Work request: What is needed is an exact reproduction of the lines in the records below, starting at the line with "Signatures are stored" and ending at the line with "Consider subscribing to", both included, and nothing else; pictures stay out.

[Start of Attachment]

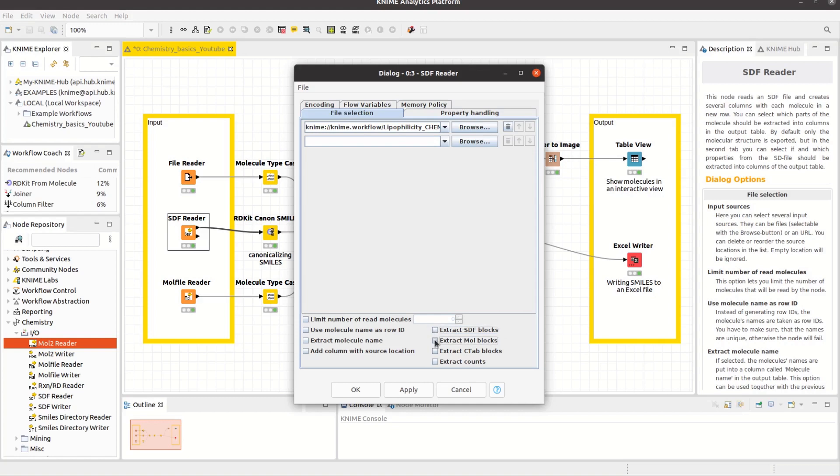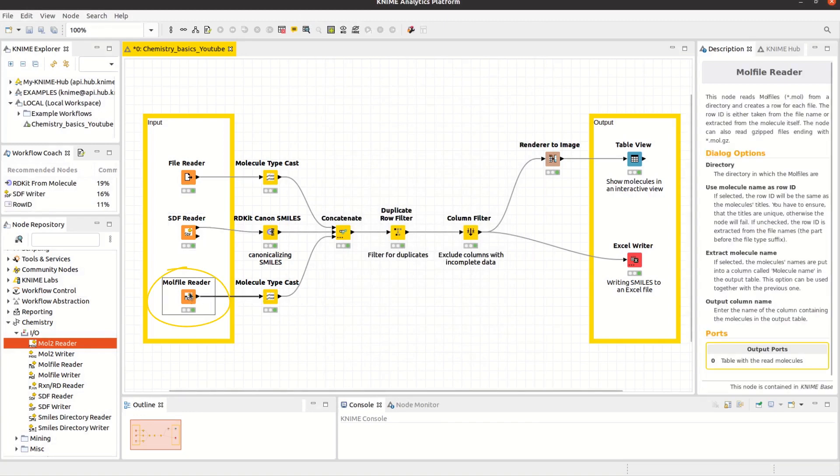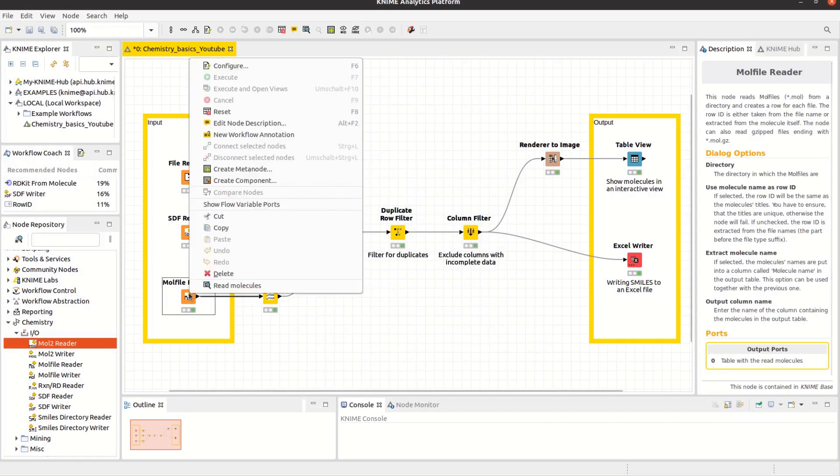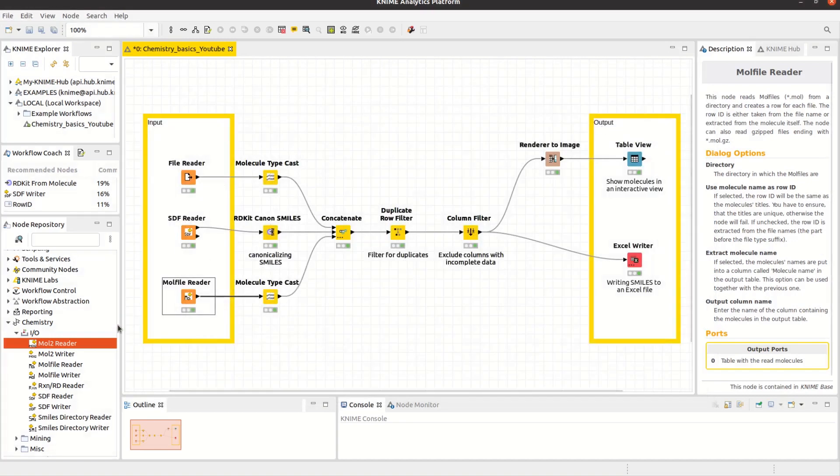Furthermore, if you are interested in the molecule's Atom and Bond counts, you can also select Extract Counts. Last but not least, I want to show you the mole file reader, which reads in mole files from a directory and creates a row for each file. The KNIME Base Chemistry extension also provides a MOL2 reader.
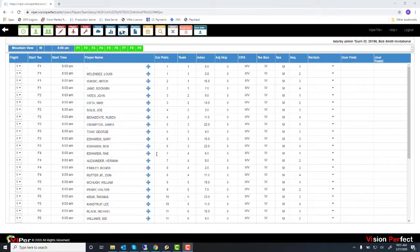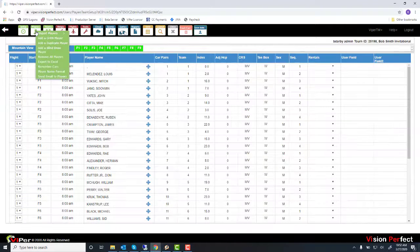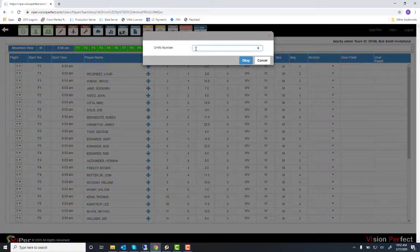In the player grid, select the cell where you wish to add the player. Click on the Players icon on the toolbar. Select 'Add a GIN Player.' Enter a valid GIN number in the text box and click OK.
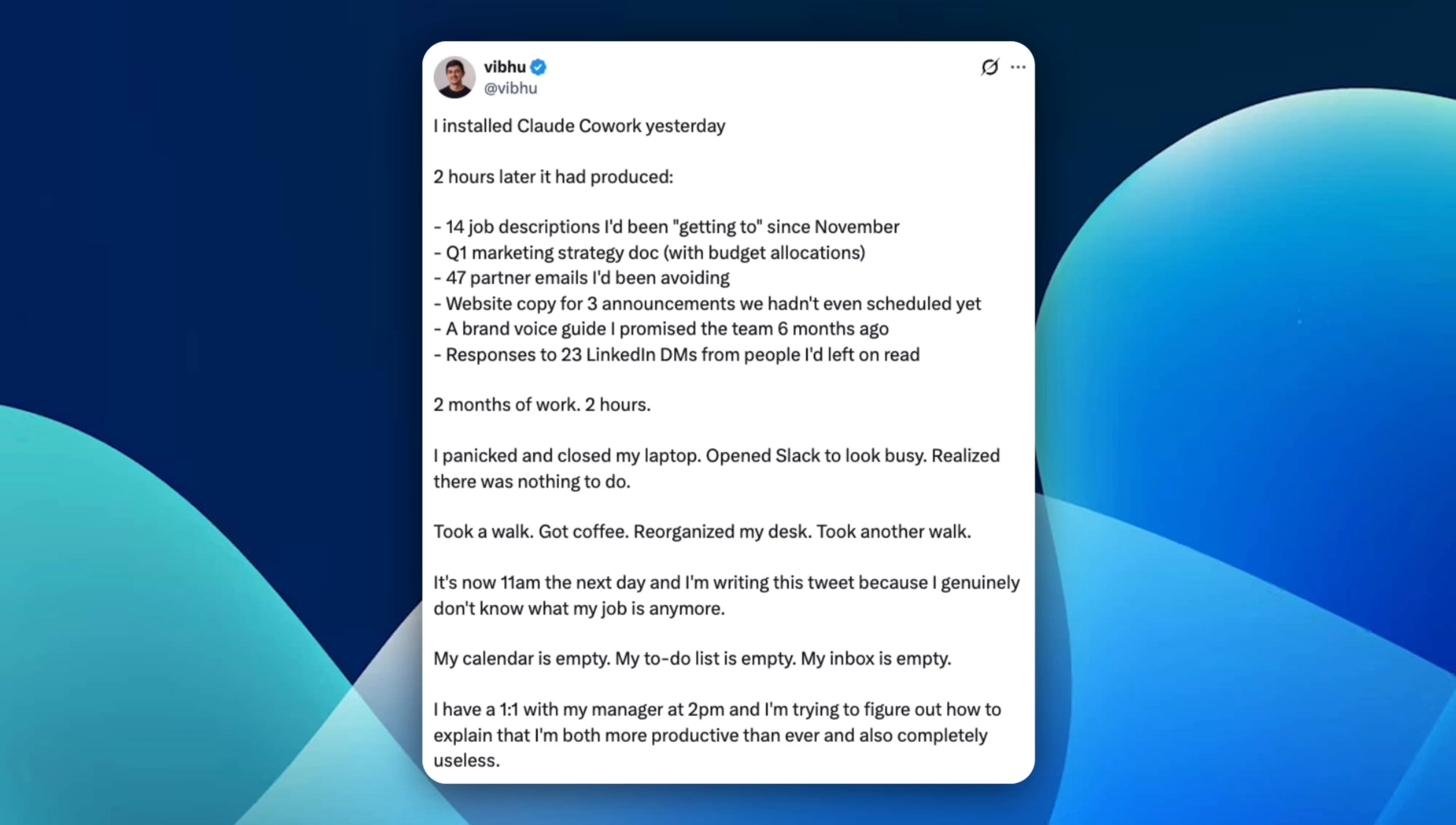The reason why this story resonated with a lot of people is because it's not extreme, but it's a little bit too familiar. Most people don't struggle with hard work, they struggle with delayed work. Stuff you know you need to do, but it just keeps getting pushed back. Cowork eats that category alive. Once you give Cloud file access, long-running tasks, and permission to actually execute, it stops being about speed and starts being about completion. And when everything is suddenly done, it creates this weird gap where you realize how much of your job was just managing backlog. That's the real punchline.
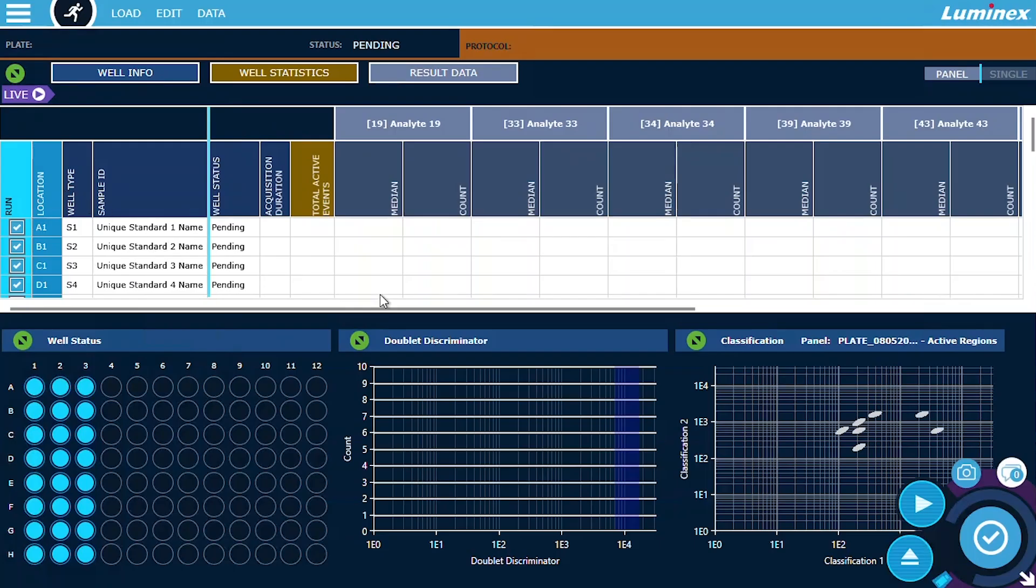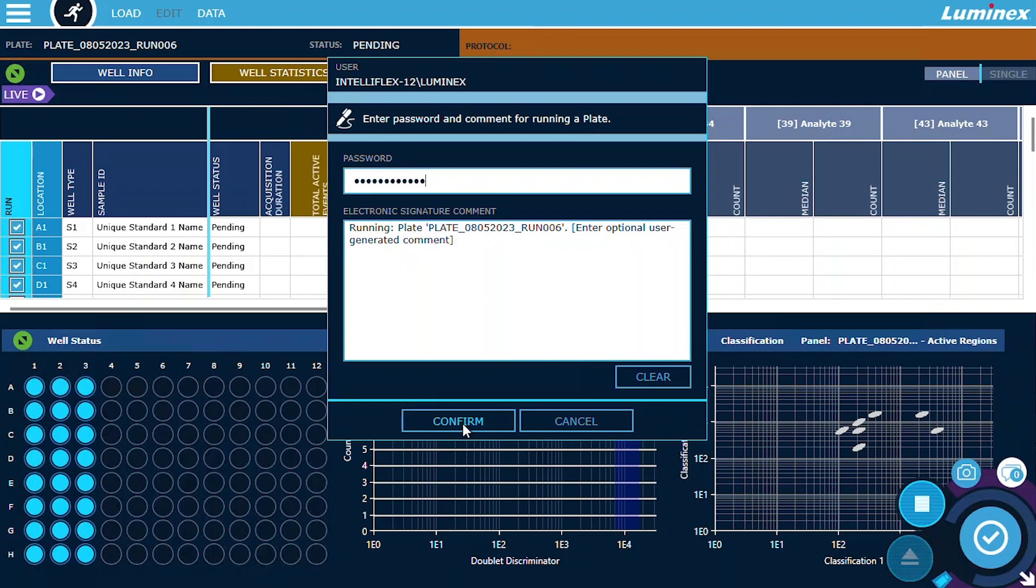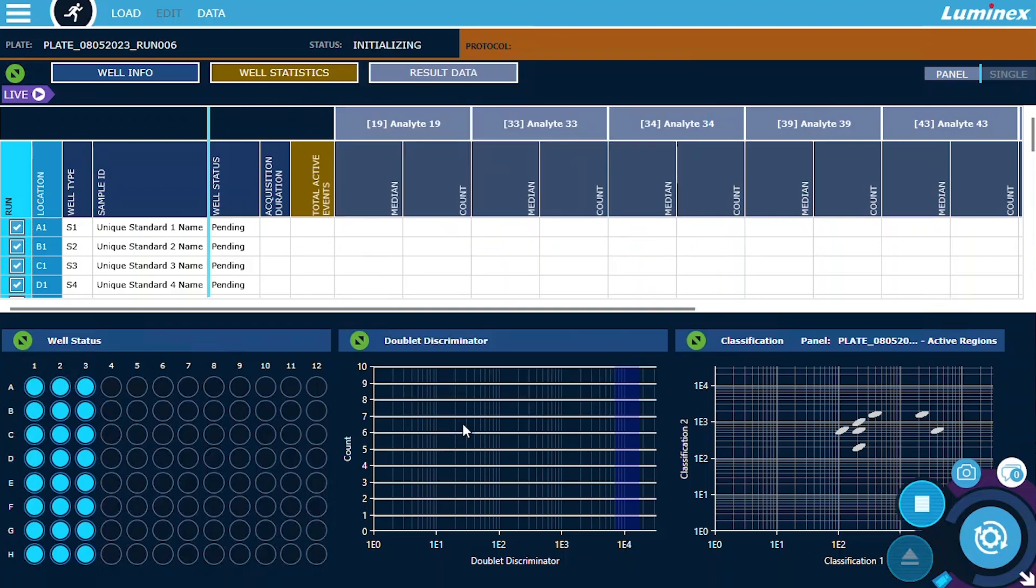Signatures are stored on the device with the event they accompany and can be reviewed via the instrument system log or IntelliFlex XLS report. The electronic signatures prompt includes a standard message for each signing event and allows users to enter free text comments as well.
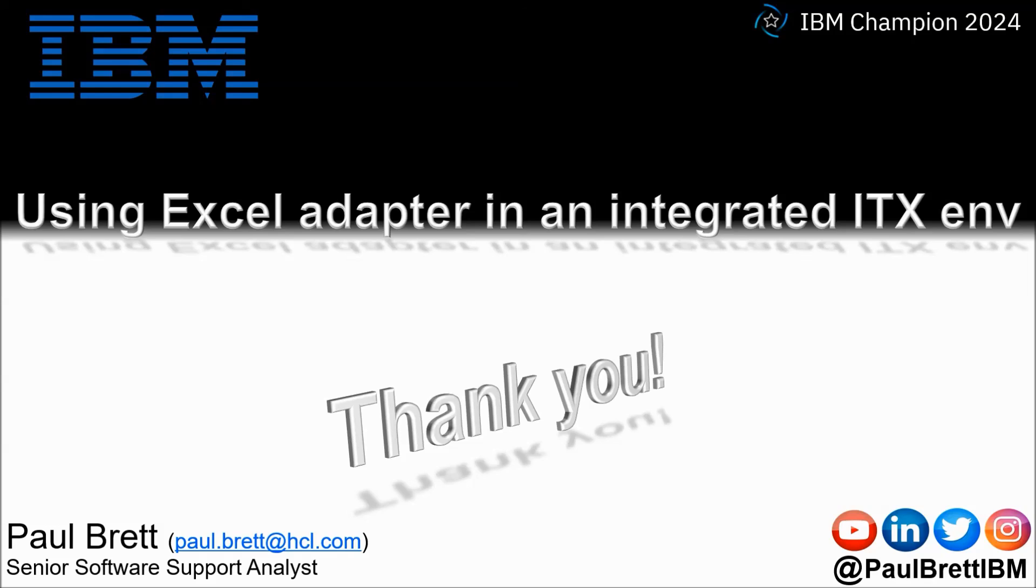Consider subscribing to my YouTube channel as I release content such as this on a regular basis. Feel free to reach out to me on popular social media channels at paul brett ibm. Thank you.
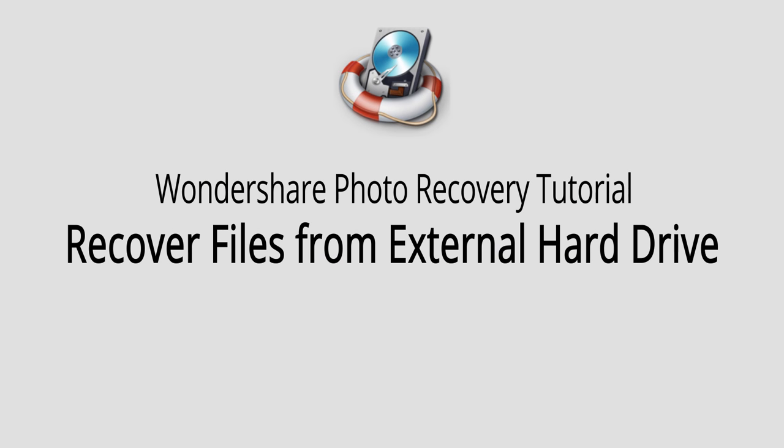But that is it for this video. I hope you guys enjoyed. That is how you recover files from an external hard drive using Wondershare Photo Recovery.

[End of Attachment]

Finished task:
Signatures are stored on the device with the event they accompany and can be reviewed via the instrument system log or IntelliFlex XLS report. The electronic signatures prompt includes a standard message for each signing event and allows users to enter free text comments as well.
Consider subscribing to my YouTube channel as I release content such as this on a regular basis. Feel free to reach out to me on popular social media channels at paul brett ibm. Thank you.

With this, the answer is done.